EXERCISE: Keep the images out and set the listing below down word for word.

BEGIN INFORMATION SUPPLIED

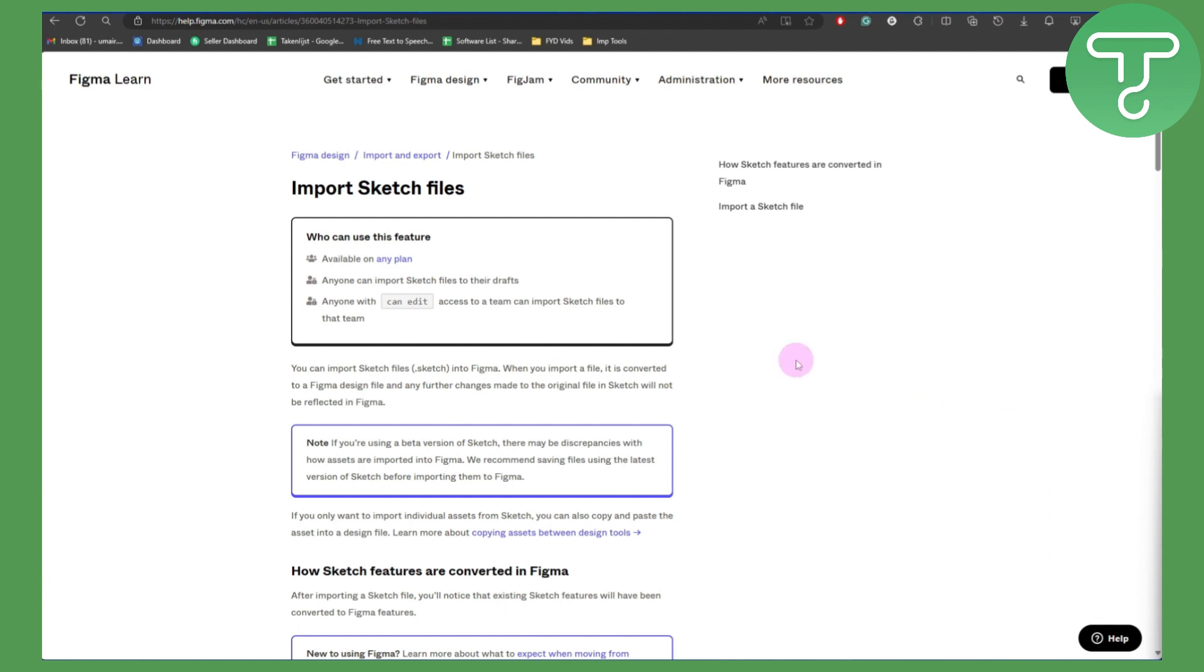First, I'm going to tell you that this is available on any type of plan you're using. Whether you're a free user of Figma or if you're paid, you will have this option to import Sketch.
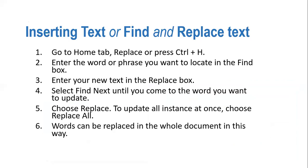Second point: enter the word or phrase you want to locate in the Find box. Enter your new text in the Replace box. And select Find Next until you come to the word you want to update. Choose Replace to update all instances at once. Choose Replace All. Words can be replaced in the whole document in this way.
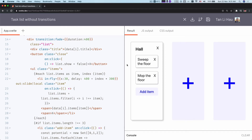Hello everyone, my name is Li Hao. Welcome back to Introduction to Transition. In the previous video we saw how we can use delay and the local modifier to coordinate between transitions. Today we're going to fix the bug that was mentioned in the previous video.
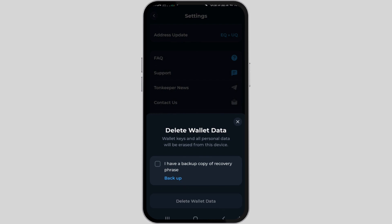If you haven't stored your recovery phrase, ensure to back it up. Before proceeding with the deletion of your account, make sure you back up or copy your recovery phrase. This will enable you to recover your account if needed in the future.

END INFORMATION SUPPLIED

TASK RESULT:
First, I'm going to tell you that this is available on any type of plan you're using. Whether you're a free user of Figma or if you're paid, you will have this option to import Sketch.
Second point: enter the word or phrase you want to locate in the Find box. Enter your new text in the Replace box. And select Find Next until you come to the word you want to update. Choose Replace to update all instances at once. Choose Replace All. Words can be replaced in the whole document in this way.
Hello everyone, my name is Li Hao. Welcome back to Introduction to Transition. In the previous video we saw how we can use delay and the local modifier to coordinate between transitions. Today we're going to fix the bug that was mentioned in the previous video.
If you haven't stored your recovery phrase, ensure to back it up. Before proceeding with the deletion of your account, make sure you back up or copy your recovery phrase. This will enable you to recover your account if needed in the future.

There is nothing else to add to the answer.